He would have to call Angie and Franco as soon as he could, but that might not be soon. Victor Lee had stopped only once, at an Exxon station to fill his gas tank and buy something in a paper bag, probably a sandwich and a drink. Lew was parked at a pump four lanes over. He filled his own tank, went in to pay, looked out the window and saw Lee leaning back in his seat, rubbing a finger on the skin above his nose.
Lew took a chance, got a handful of change, moved to a phone against the wall near a window and fed the slot keeping his eyes on Lee, who now sat up and turned on the ignition.
“Massaccio Towing,” said Franco.
“Franco, I’m following the guy who killed Catherine.”
“Where are-?”
“Franco, listen. I have to go.
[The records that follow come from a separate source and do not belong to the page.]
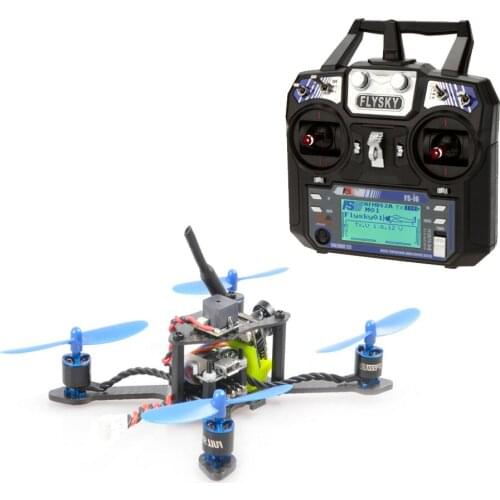 JMT Bat-100 100MM Carbon Fiber FPV ECS Brushless Flight Controller Racer Quadcopter with Flysky FSI6 Remote Control F23184-D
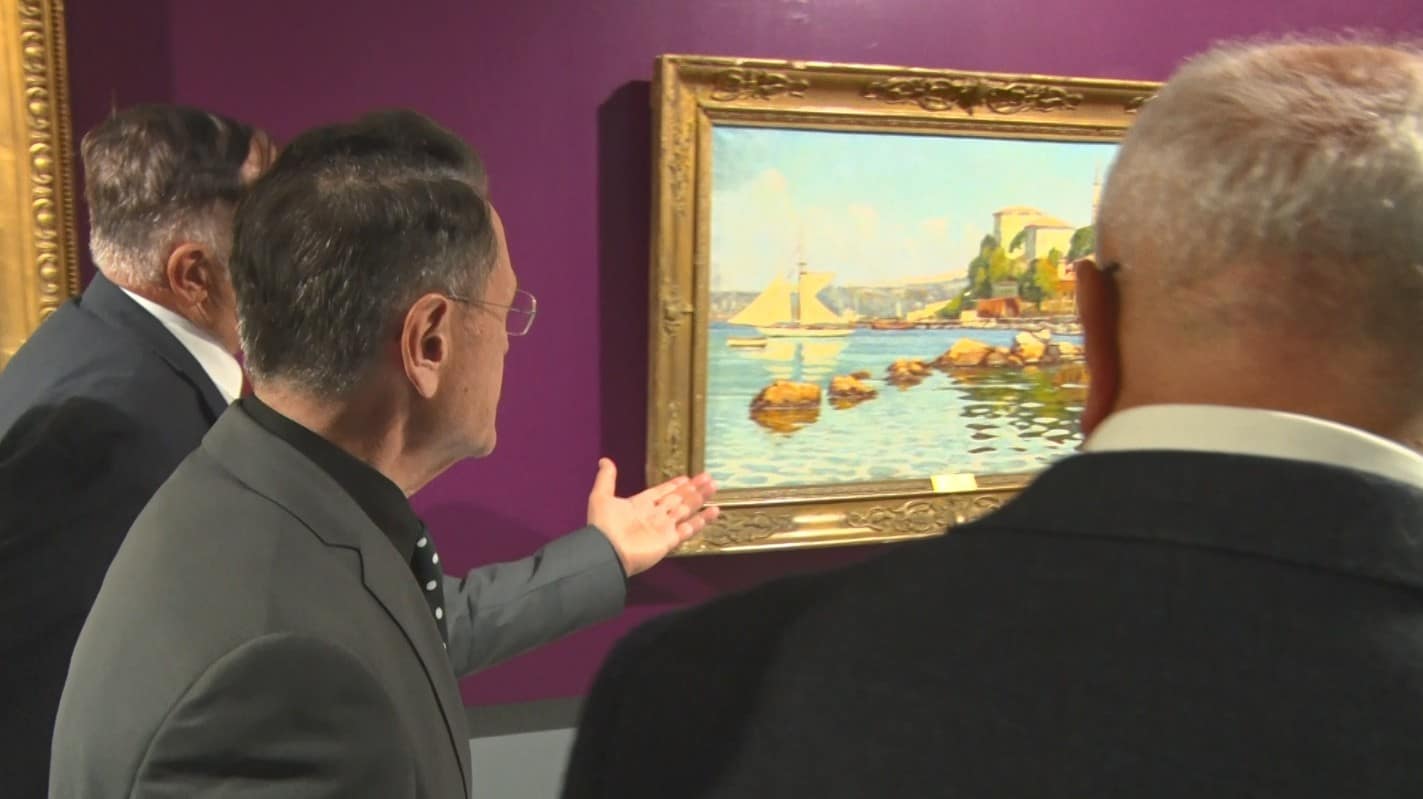 Harita çiziminden sanat eserlerine: Asker ressamların Türk dünyasına uzanan sanat sergisi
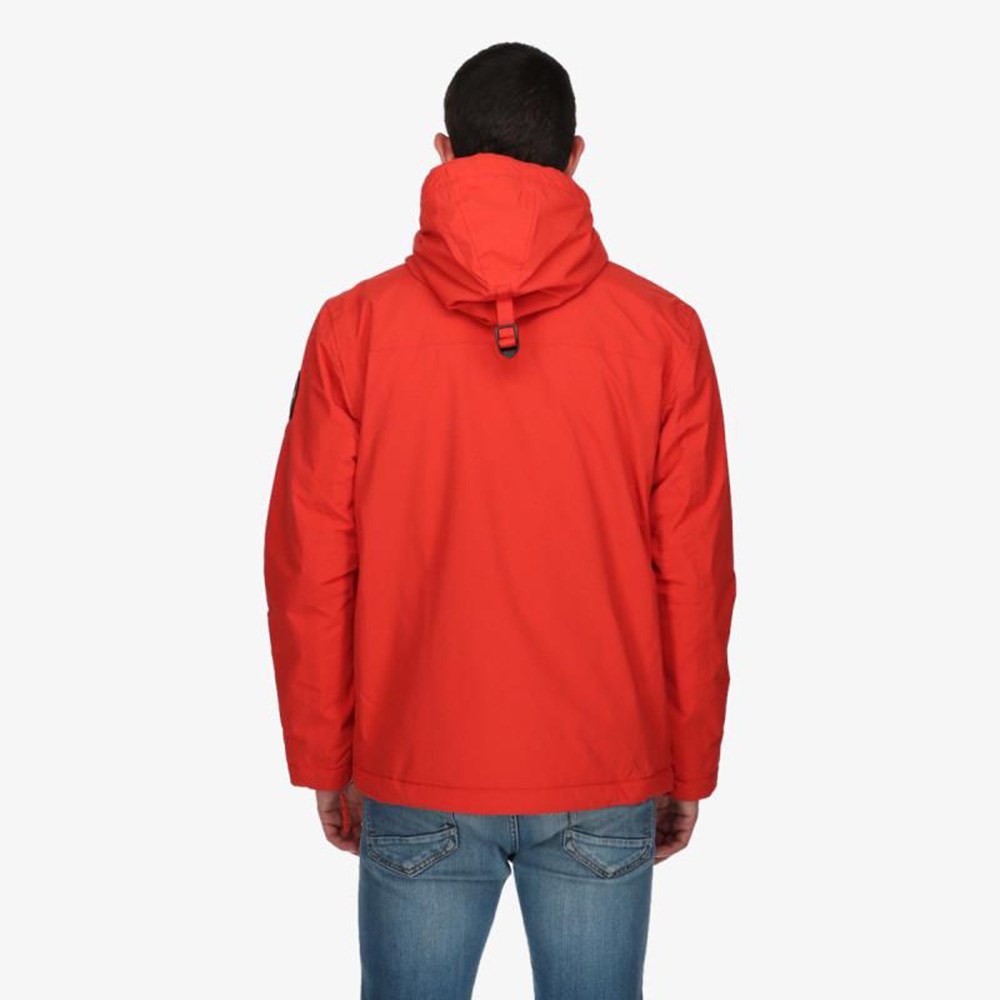 Napapijri Sportswear Rainforest Pocket Winter Half-Zip Hoodie Erkek Ceket Red Poppy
I’ll try to call tonight, but I won’t be back till tomorrow, maybe later.”
“Lewie, McKinney is trying to reach you.”
“I’ll call him when I can.”
“Lewis, what are you going to do?”
“I don’t know,” he said, and hung up.
He hurried out of the Exxon, but he didn’t run.
The direction they were going, the diploma, the university degree Lew had taken from Lee’s desk, pointed the way. Somewhere Lew had a similar diploma from the same institution. It too had been in a drawer, probably still was in Uncle Tonio’s warehouse.
He turned on the radio, pushed buttons, flashing past Chicago FM stations he could still pick up, Spanish, Polish, Japanese, Swedish. Searching for a voice, any voice. He hesitated at a Greek station. Whatever song was playing made him hesitate and think of Pappas. He listened to the plaintive music that somehow felt right and left it on.
On the seat next to him was Lee’s painting of the dark mountains of the city with the one spot of light.
In two hours, they would be in Urbana-Champaign.
Lew knew the way to I-56 and south through the corn fields, seed towers, bales of hay, dairy cows who had long ago stopped looking up at passing cars and noisy trucks, turnoffs for small towns, roadside diners with names like Mom’s, Eat Da Voo, Minnie amp; Zane’s.
What was it Ames had said once when they were driving across Florida from the Gulf Coast to Miami on the Atlantic Coast? They had passed farms, horses, cows and penned-in hogs.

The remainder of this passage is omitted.